Mike Best: Actually, buddy, Brian Hollywood has been here a long time. Like, almost as long as I have. I think he started back in like 2012.
DURANGO: HIM ALREADY WORK HERE? DURANGO CONFUSED. ME NOT FIND HIM DOING RESEARCH. ME MOSTLY LOOK AT FIRST PAGE OF RANKINGS THOUGH.
Mike Best: I wouldn’t say he worked here. What he’s done here never really worked. But he’s definitely been here, that’s true.
DURANGO: HMMM. WEIRD. THIS PROMO FOUR NOW AND BRIAN HOLLYWOOD NO SAY ANYTHING ELSE. WHY HE NO TALK, BEST MAN?
Mike Best: Give it time, Durango. It’s really hard to retort when you aren’t funny, don’t make good points, suck at trash talk, and not only blew your whole wad in the first promo but also had it dismantled like a North Korean warhead.
DURANGO: THEM NEVER HAVE CAPABILITY TO HIT AMERICA,THAT SILLY TALK.
Mike Best: Well, that’s how it goes, big man. Sometimes third world countries like to pretend they’re first world countries, because their own egos can’t accept that their grocery stores don’t have real food in them.
DURANGO: OH, DURANGO SEE WHAT SON OF GOD SAYING. BRIAN HOLLYWOOD IS POOR.
Mike Best: Well, maybe. Hard to say. But I really meant that he’s like a small, effeminate dictator desperate to flex on a stronger military force in order to–
DURANGO: DURANGO NO LIKE POORS. DURANGO SPEND TOO MUCH TIME WITH BRITISH MONEY PRINCE TO LIKE POORS. I KNOW DURANGO SAID HE HOPE BRIAN NO DIE, BUT IF HIM POOR, MAYBE BRIAN DIE.

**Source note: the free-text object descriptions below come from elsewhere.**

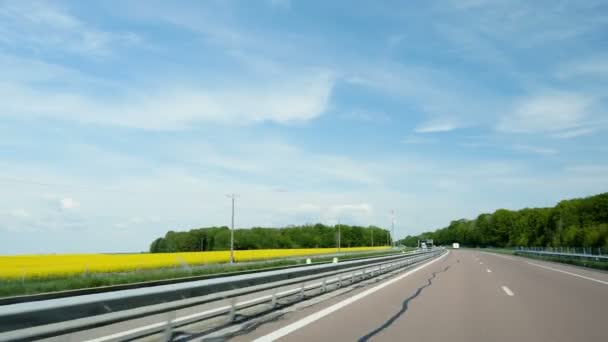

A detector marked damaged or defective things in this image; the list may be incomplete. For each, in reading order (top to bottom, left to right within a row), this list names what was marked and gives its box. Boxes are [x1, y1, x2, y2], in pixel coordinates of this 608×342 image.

crack in asphalt [356, 264, 452, 340]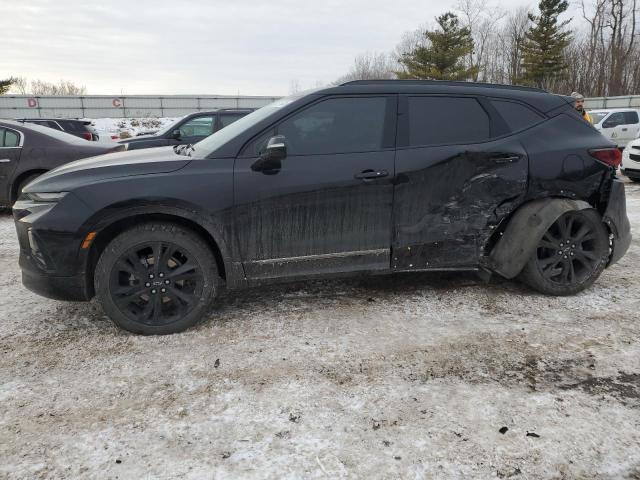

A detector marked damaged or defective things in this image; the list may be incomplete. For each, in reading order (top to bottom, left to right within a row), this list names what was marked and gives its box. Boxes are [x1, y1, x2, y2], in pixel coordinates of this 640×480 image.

exposed rear wheel well [11, 169, 47, 202]
damaged black suv [13, 80, 632, 334]
exposed rear wheel well [86, 214, 228, 296]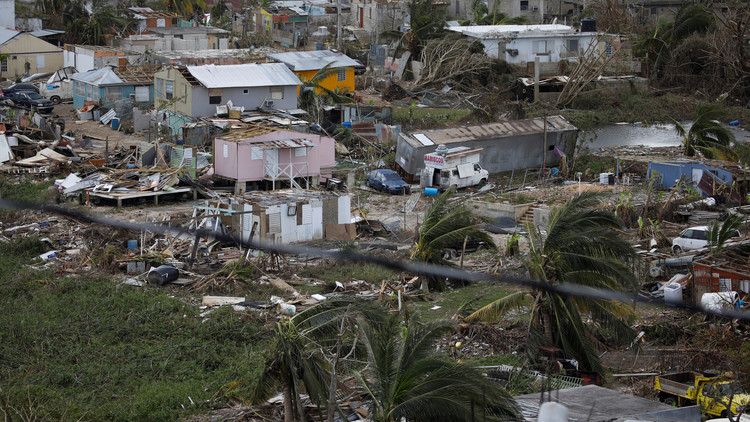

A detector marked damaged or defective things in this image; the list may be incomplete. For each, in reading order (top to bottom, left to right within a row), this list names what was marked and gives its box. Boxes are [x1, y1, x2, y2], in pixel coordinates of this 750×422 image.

torn metal roofing [186, 62, 302, 88]
torn metal roofing [268, 50, 362, 71]
torn metal roofing [402, 115, 580, 147]
damaged house [214, 124, 338, 192]
damaged house [396, 114, 580, 182]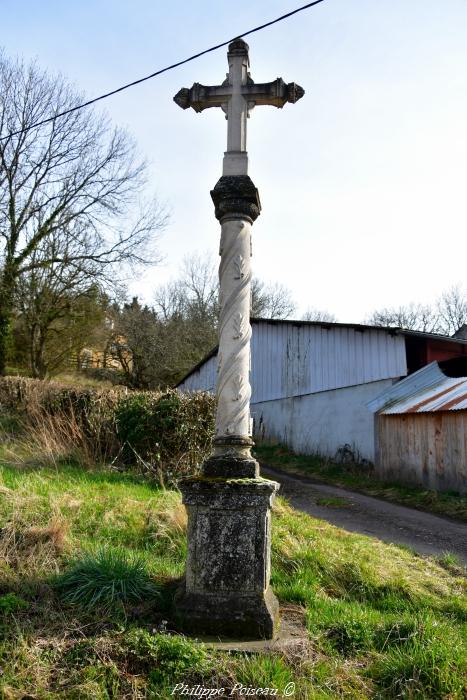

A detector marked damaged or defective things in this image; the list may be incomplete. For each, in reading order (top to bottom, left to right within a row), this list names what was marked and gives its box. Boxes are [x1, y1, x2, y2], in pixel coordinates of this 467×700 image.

rusty corrugated shed [368, 360, 467, 416]
rusted metal wall [376, 412, 467, 494]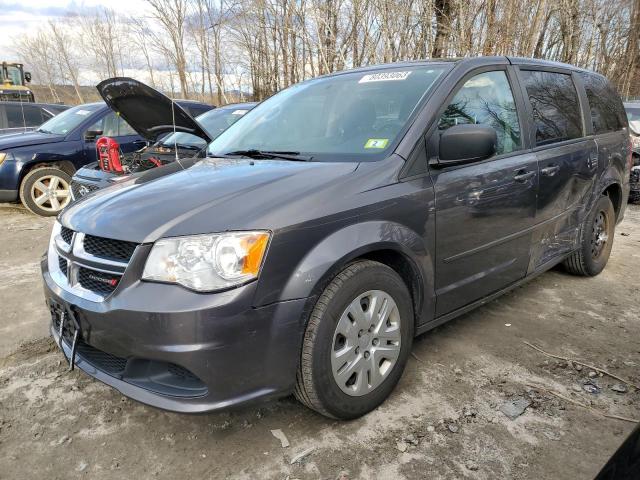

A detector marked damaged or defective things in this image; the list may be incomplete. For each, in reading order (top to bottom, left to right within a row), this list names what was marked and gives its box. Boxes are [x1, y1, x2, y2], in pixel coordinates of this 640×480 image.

damaged bumper [41, 255, 308, 412]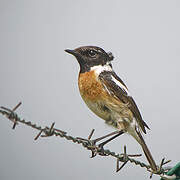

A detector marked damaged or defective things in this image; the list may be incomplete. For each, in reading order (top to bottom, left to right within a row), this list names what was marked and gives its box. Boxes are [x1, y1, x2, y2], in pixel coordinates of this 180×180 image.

rusty wire [0, 102, 172, 178]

Mike Best: He’s not poor, Durango. It’s okay. Settle down. He’s spent almost his entire career talking about how much money he has, unless he’s being edgy, and then he pretends that he isn’t basically an elderly influencer who is actually only 35. The only thing poor about Brian Hollywood is his sense of self-awareness.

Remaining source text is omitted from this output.